Golf Bragging Rights Guide

Golf is more about psychology rather than physics. The arc of the golf swing has always been constant however the way we think about golf changes every second. Golf swings have been pre-determined by the golf professionals but technology has yet to excavate the brainwaves of these same professionals. Amateurs always are looking to improve but they want a physical fix and don’t want to address the elephant in the room, their mind.
Dropping those vital shots to get to your dream handicap is not a matter of falling fatal to marketing ploys nor wasting extortionate amounts of money on golf lessons. It can all be fixed by addressing the flaws with the wiring of your brain. Golf evokes negativity at every turn, there is no doubt that golfers think more negatively than positively about their chance on the course. How about we change that? Instead of changing your driver, remapping your golf arc path and redefining your putting stroke, why not just change the way you think.
This thinking is what I like to call realistic optimism (RO) and can be applied to all aspects of life, but let’s keep it all golf-orientated. The principle behind RO is the idea to be optimistic but not become dependent on the result. Let’s say you have 220 yards to carry over a multitude of bunkers, you take your 3-wood and try and make the reach. Now, if you don’t make it you’ll be upset and angry about taking the shot on in the first place, but if you do you’ll become over-excited and make clouded judgements about similar situations. Whatever the result, with the RO approach, you are content you made the right choice and nothing would’ve changed your mind. You couldn’t control nature to will the ball onto the green but what you could control, you did. That’s all you can ask for.

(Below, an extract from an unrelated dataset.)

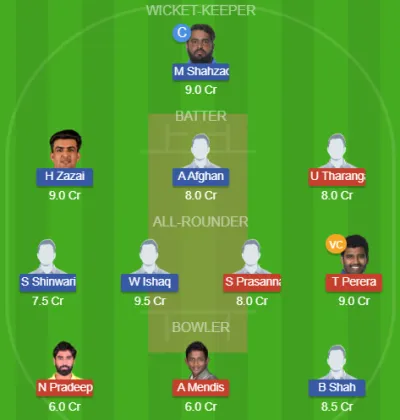 SLO vs AFP SL Team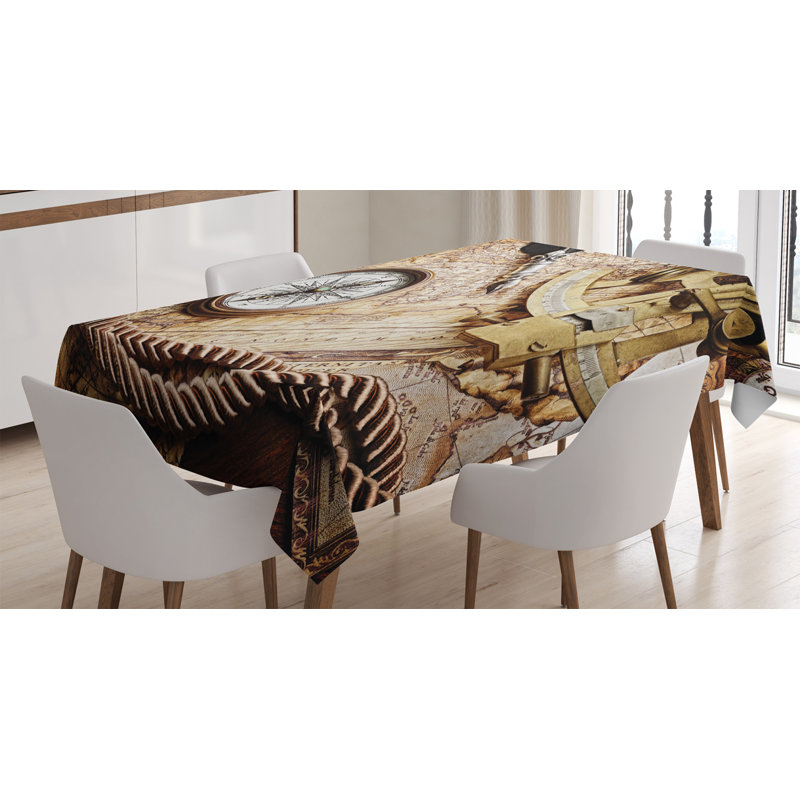 Tablecloth, 70" L x 52" W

A real-world example of this was such as yesterday where a customer at work asked me why his strikes with the driver were coming off the top of the club face. I said to him, it’s all in the way you think. The swing was sound, nothing to get too riled up about. However, he told me he was working on compression with his irons. Bingo, I found the flaw. He was inherently thinking that all golf shots were the same. So, I made him imagine that the tee he was hitting from was his phone or something of value to him. You would be allowed to brush the surface of the phone and send it flying 5 yards but if you connected at 100mph with a large surface area, the phone would be destroyed. I told him to think about sweeping the ball off the phone instead of hitting it. Instant results. RO approach strikes again.
The RO approach can have explicit and implicit fixes but everyone can adopt this methodology to knock off a few shots from their rounds. Think better, play better.